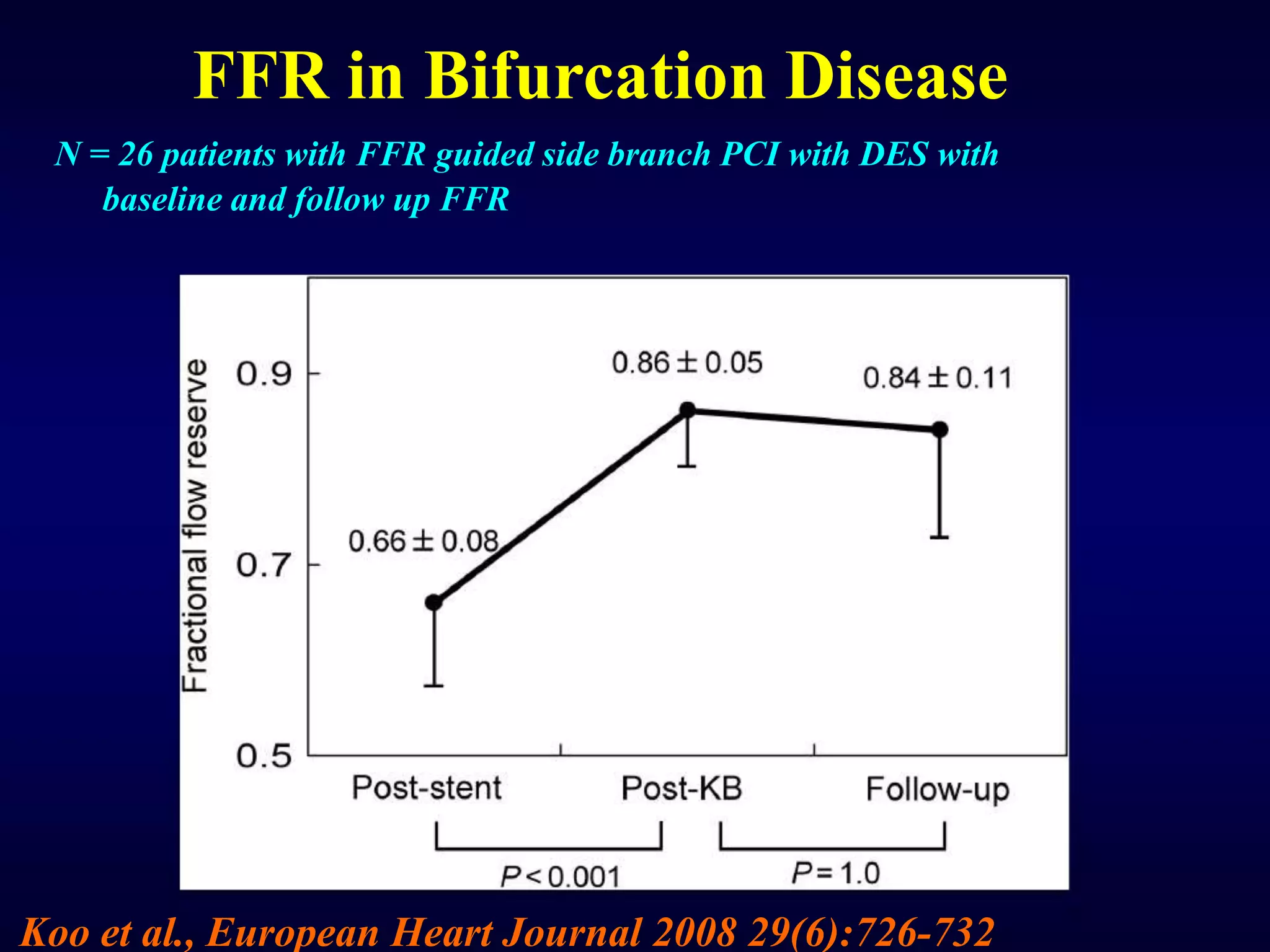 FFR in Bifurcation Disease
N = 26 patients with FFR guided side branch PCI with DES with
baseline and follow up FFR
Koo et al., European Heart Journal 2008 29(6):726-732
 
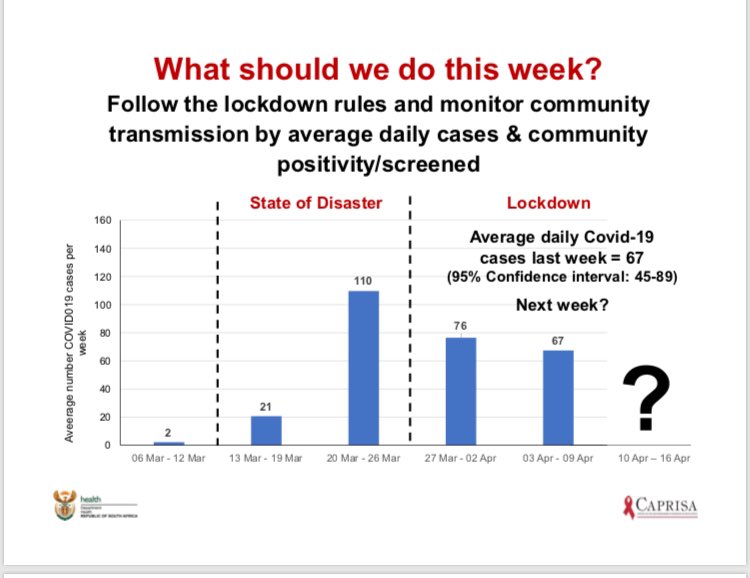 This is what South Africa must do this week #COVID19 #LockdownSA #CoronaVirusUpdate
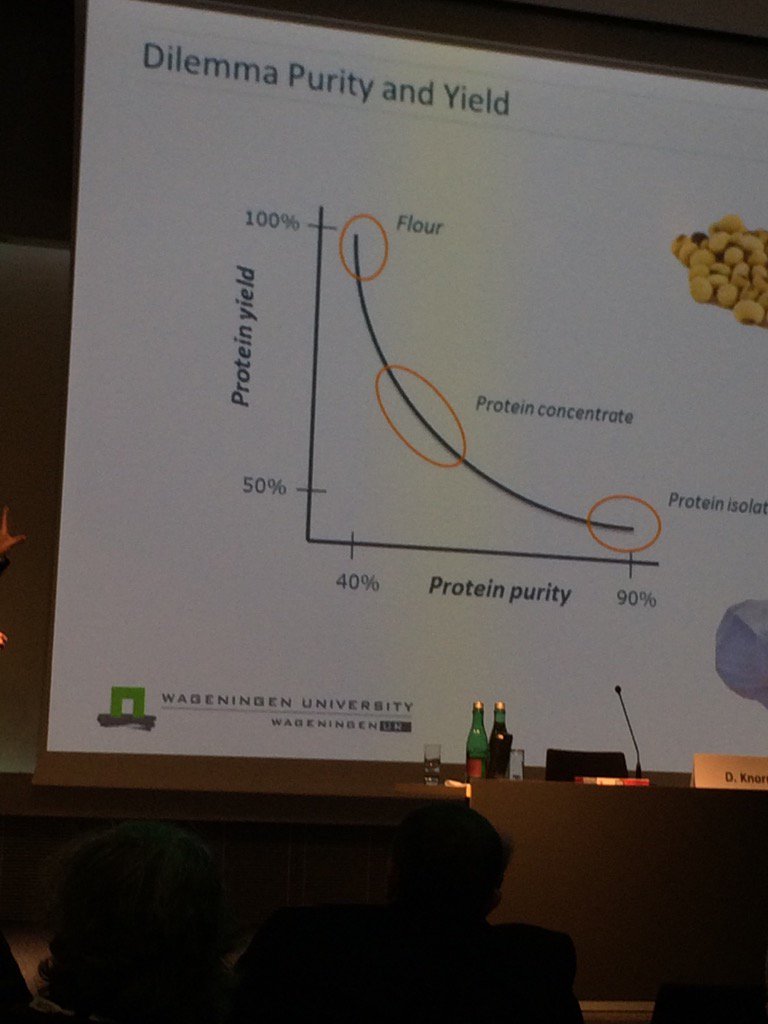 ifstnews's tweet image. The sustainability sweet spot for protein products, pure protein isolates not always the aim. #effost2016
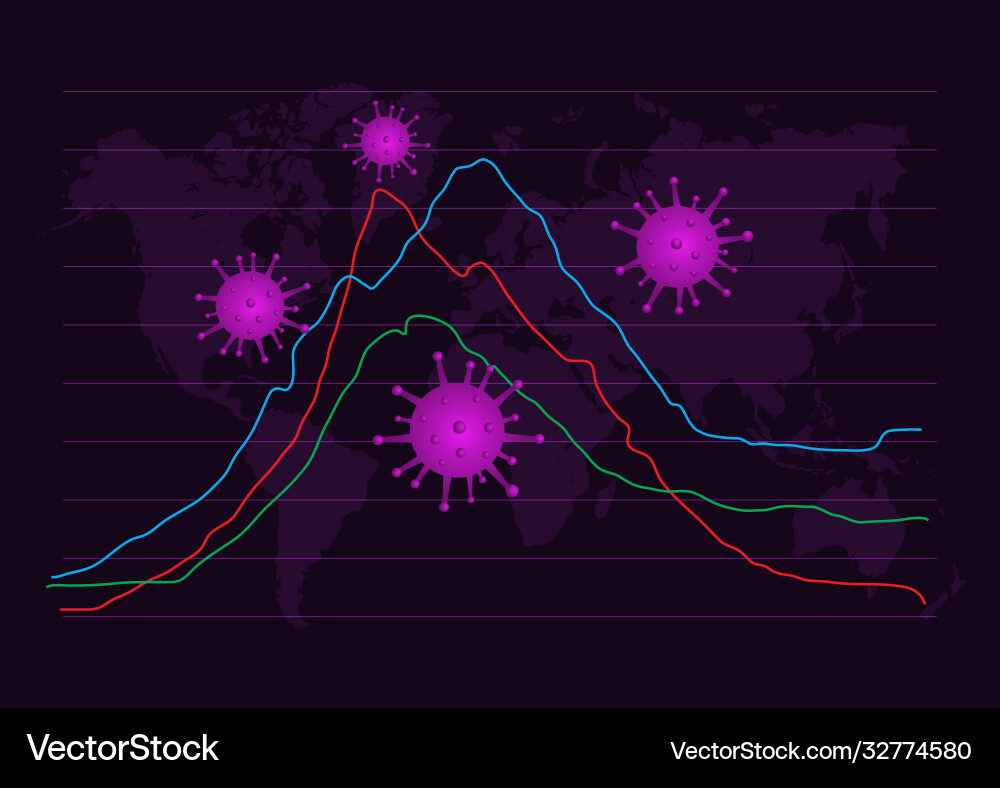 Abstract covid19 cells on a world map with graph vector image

________________________________________

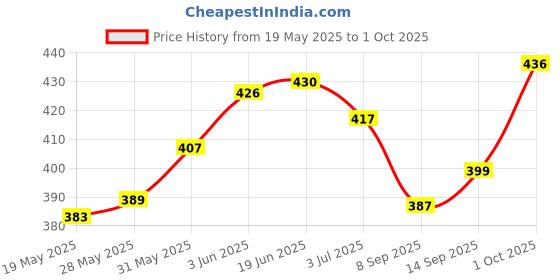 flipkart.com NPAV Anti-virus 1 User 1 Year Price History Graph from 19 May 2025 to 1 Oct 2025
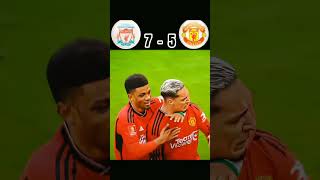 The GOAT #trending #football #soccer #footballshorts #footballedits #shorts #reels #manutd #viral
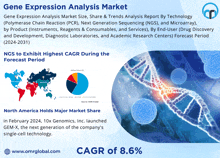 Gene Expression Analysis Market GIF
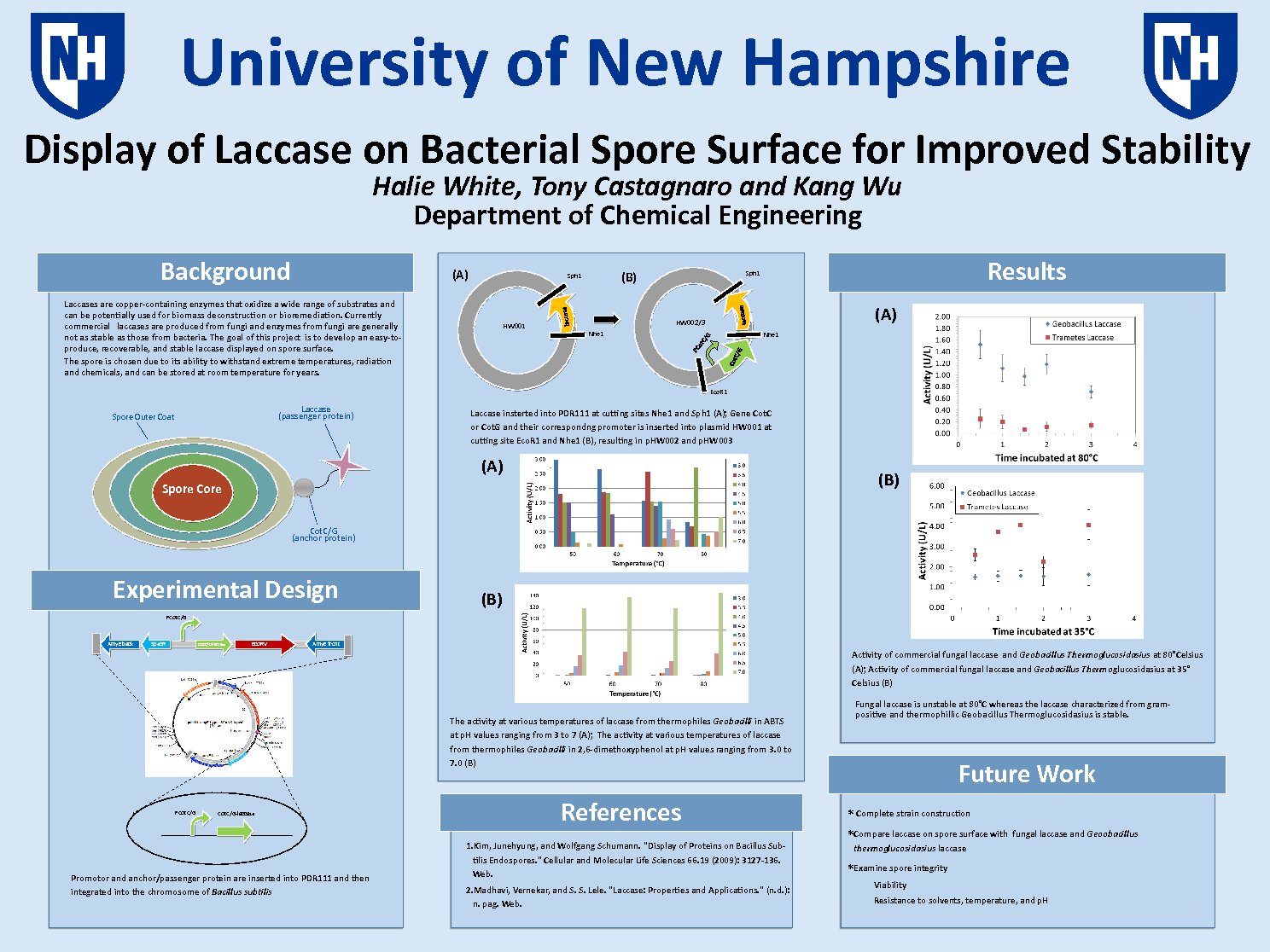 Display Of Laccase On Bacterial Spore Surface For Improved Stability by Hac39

________________________________________

▶ **Directions for this task**:
Exercise for the records above: copy only the lines from the one with "FFR in Bifurcation Disease" to the one with "This is what", both ends kept, and drop the pictures.

▶ **Finished task**:
 FFR in Bifurcation Disease
N = 26 patients with FFR guided side branch PCI with DES with
baseline and follow up FFR
Koo et al., European Heart Journal 2008 29(6):726-732
 
 This is what South Africa must do this week #COVID19 #LockdownSA #CoronaVirusUpdate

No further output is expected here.